» Supplied information:
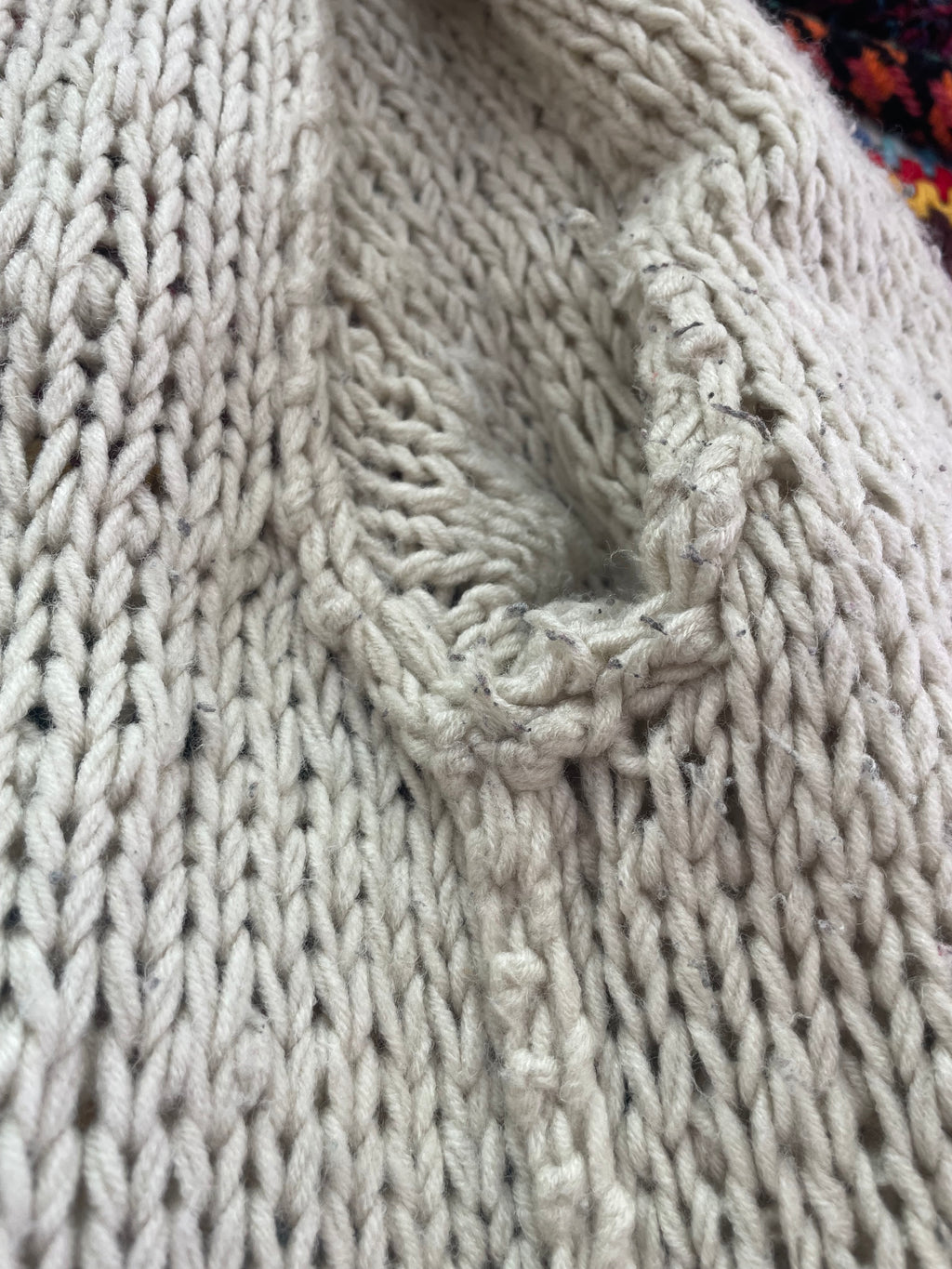 Loopy Mid Length Knit Cardigan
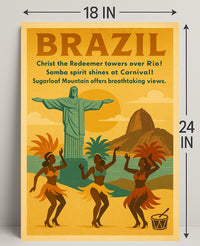 Discover Brazil Poster PosterGoat
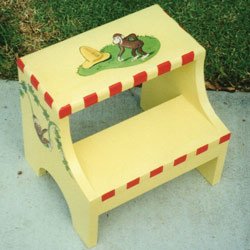 Curious George Step Stool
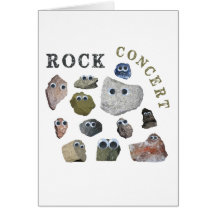 Rock Concert Card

» Problem to work on: The material above must be set down word for word, with no picture carried over.

» Answer to the problem:
 Loopy Mid Length Knit Cardigan
 Discover Brazil Poster PosterGoat
 Curious George Step Stool
 Rock Concert Card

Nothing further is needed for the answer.